Information provided ->
+---+
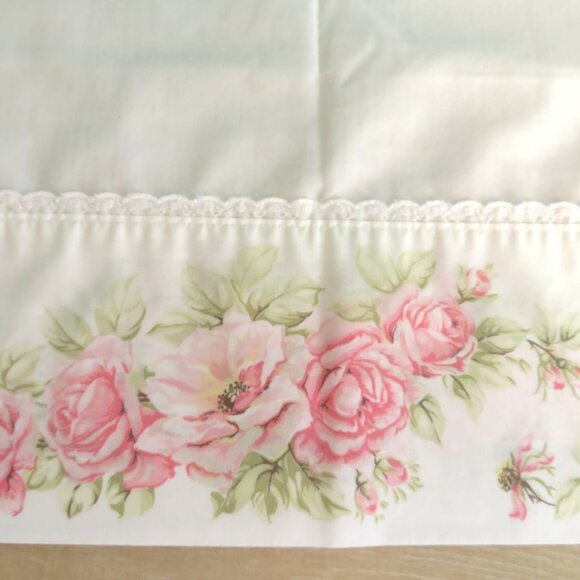 Vintage Springmaid Standard Pillowcase 1 Floral Edge Design Made in USA - Picture 6 of 8
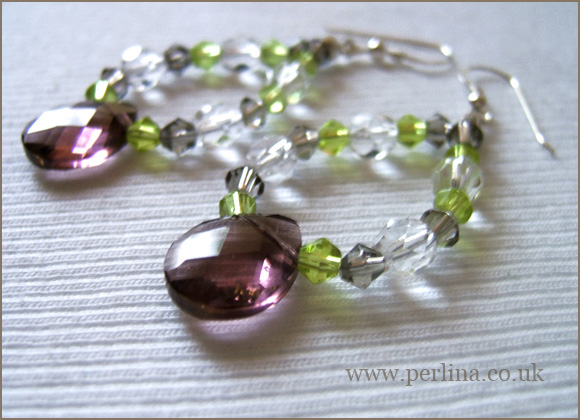 Cherry Drop Swing Earrings - 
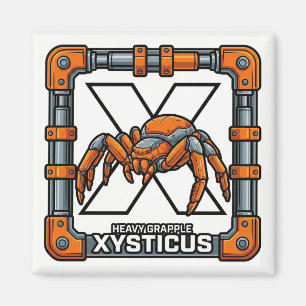 X is for Xysticus (Crab Spider) – GTA Style ABC Magnet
+---+
Exercise -> Please output the entire listing above verbatim and omit its images.

Task result ->
 Vintage Springmaid Standard Pillowcase 1 Floral Edge Design Made in USA - Picture 6 of 8
 Cherry Drop Swing Earrings - 
 X is for Xysticus (Crab Spider) – GTA Style ABC Magnet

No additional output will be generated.